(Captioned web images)
——————————

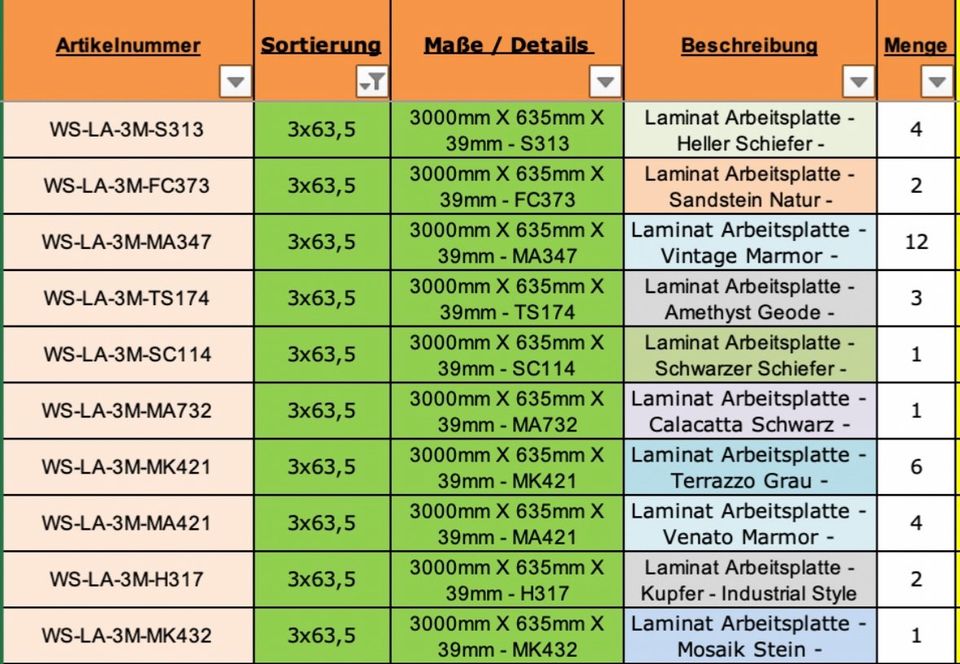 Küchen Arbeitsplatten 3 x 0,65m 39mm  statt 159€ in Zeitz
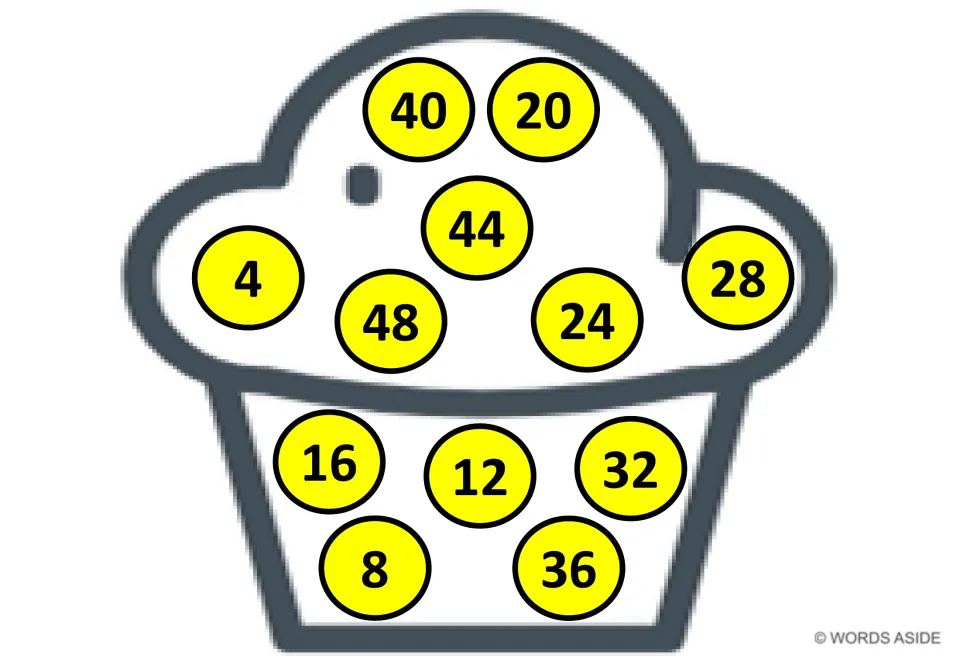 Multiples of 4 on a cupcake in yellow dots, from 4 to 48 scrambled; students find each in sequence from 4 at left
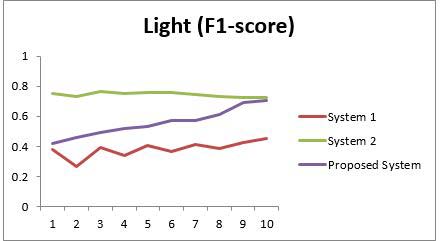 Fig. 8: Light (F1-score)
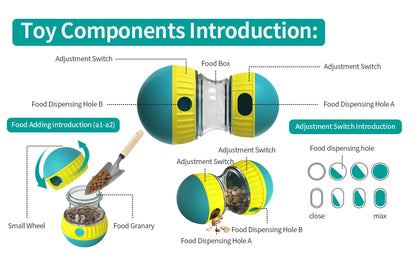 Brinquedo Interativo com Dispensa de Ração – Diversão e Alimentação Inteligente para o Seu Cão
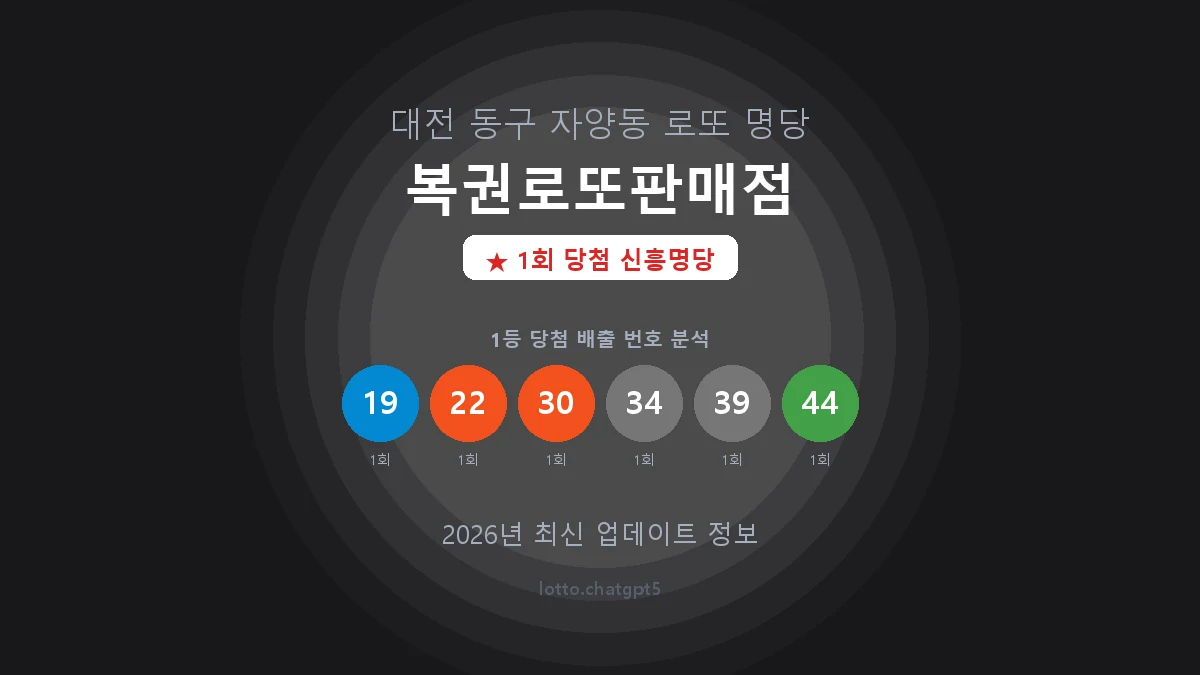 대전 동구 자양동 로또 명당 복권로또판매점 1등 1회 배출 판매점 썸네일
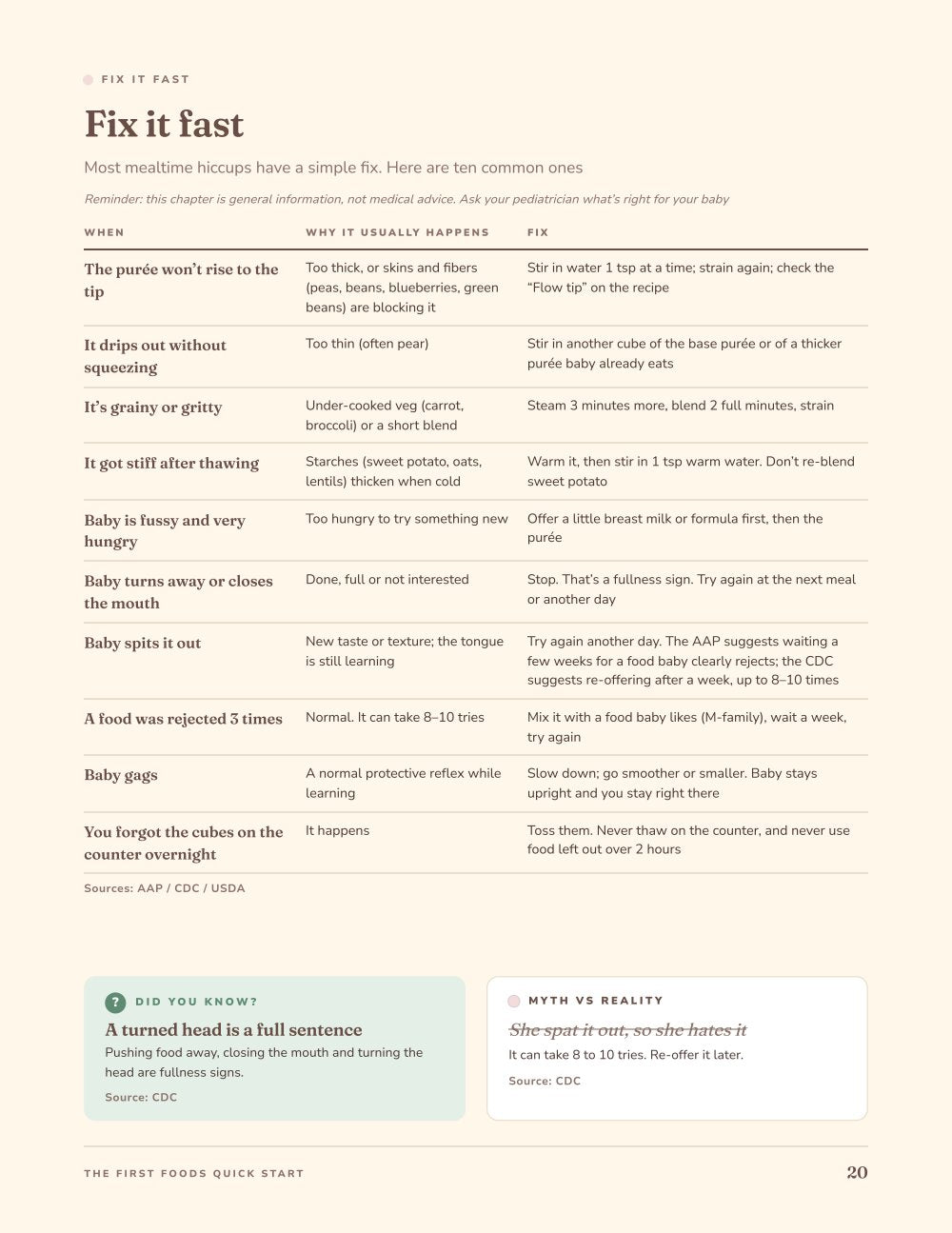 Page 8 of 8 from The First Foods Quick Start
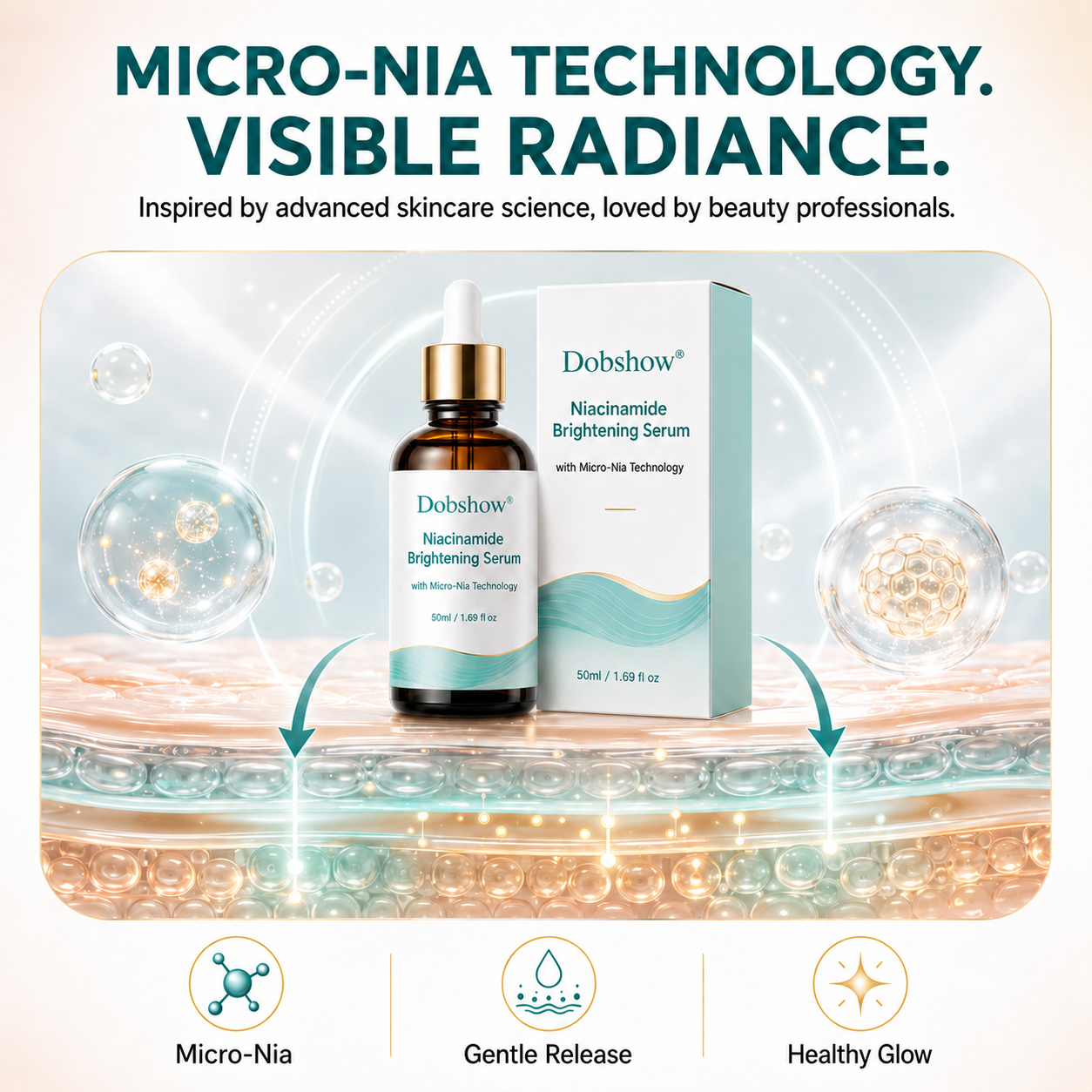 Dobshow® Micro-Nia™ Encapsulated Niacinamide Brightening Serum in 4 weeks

——————————

• Activity: All lines from the one containing "Fig. 8: Light (F1-score)" to the last line of the data above, both included, should be printed exactly, and the pictures should not appear.

• Output:
 Fig. 8: Light (F1-score)
 Brinquedo Interativo com Dispensa de Ração – Diversão e Alimentação Inteligente para o Seu Cão
 대전 동구 자양동 로또 명당 복권로또판매점 1등 1회 배출 판매점 썸네일
 Page 8 of 8 from The First Foods Quick Start
 Dobshow® Micro-Nia™ Encapsulated Niacinamide Brightening Serum in 4 weeks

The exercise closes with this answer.